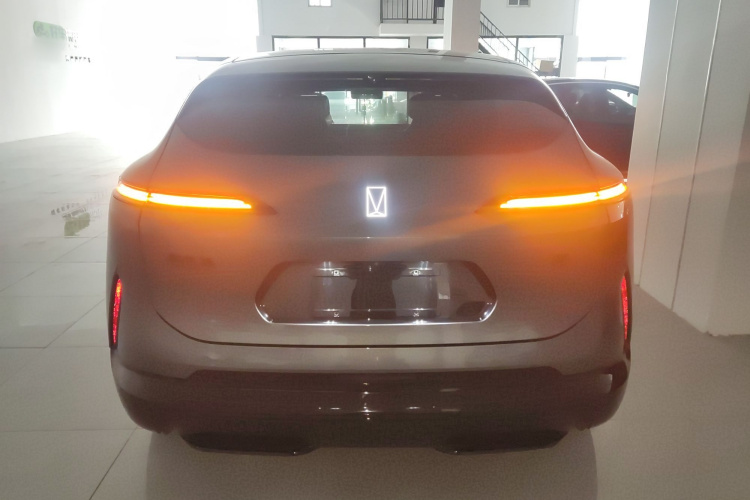 Avatr 07 2024 car image #6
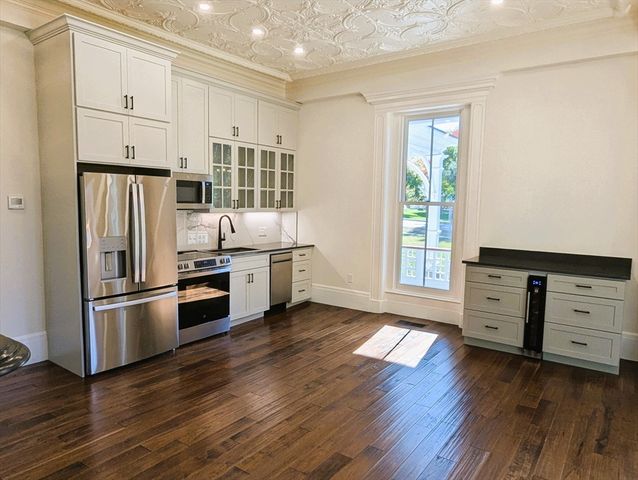 11 Lowell Road 1A, Groton, MA 01450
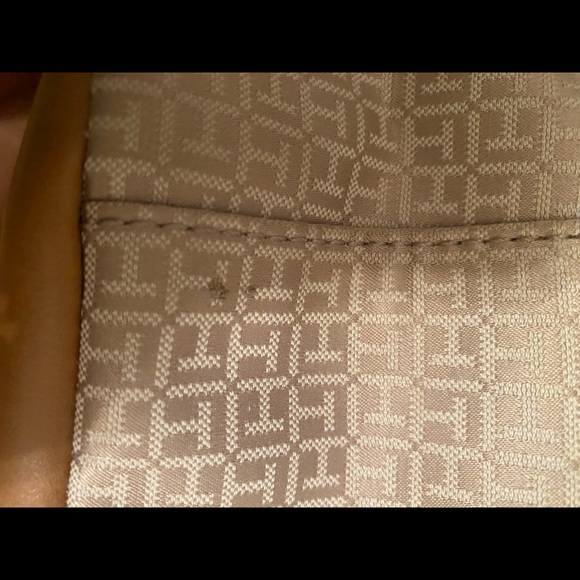 Tommy Hilfiger mini backpack - Picture 6 of 7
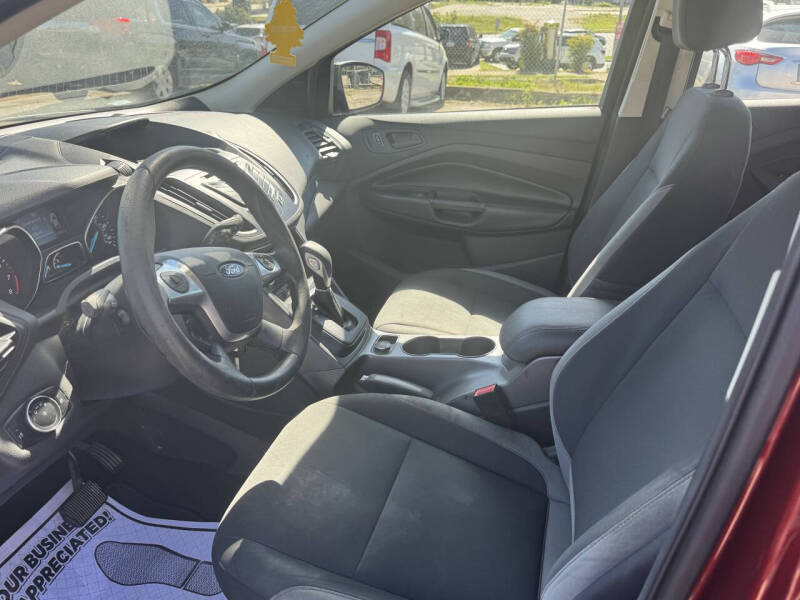 2016 Ford Escape S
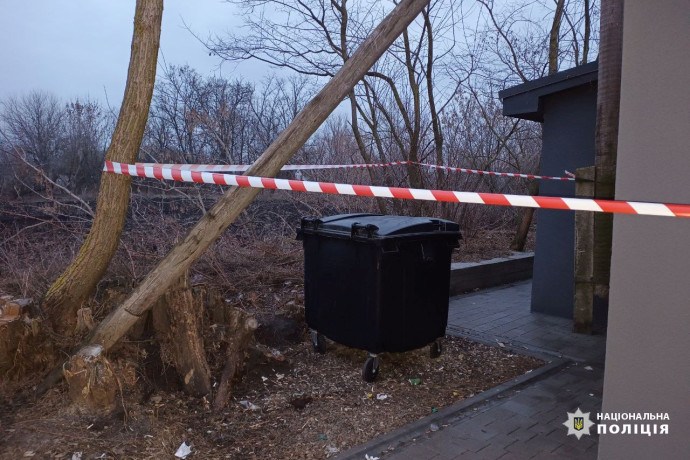 У селі Білоусівка жінка народила дитину, поклала у пакет і викинула його. З'явилося відео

**TASK PROMPT**
Your answer must be an exact copy of the records, with every picture left out.

**ANSWER SECTION**
 Avatr 07 2024 car image #6
 11 Lowell Road 1A, Groton, MA 01450
 Tommy Hilfiger mini backpack - Picture 6 of 7
 2016 Ford Escape S
 У селі Білоусівка жінка народила дитину, поклала у пакет і викинула його. З'явилося відео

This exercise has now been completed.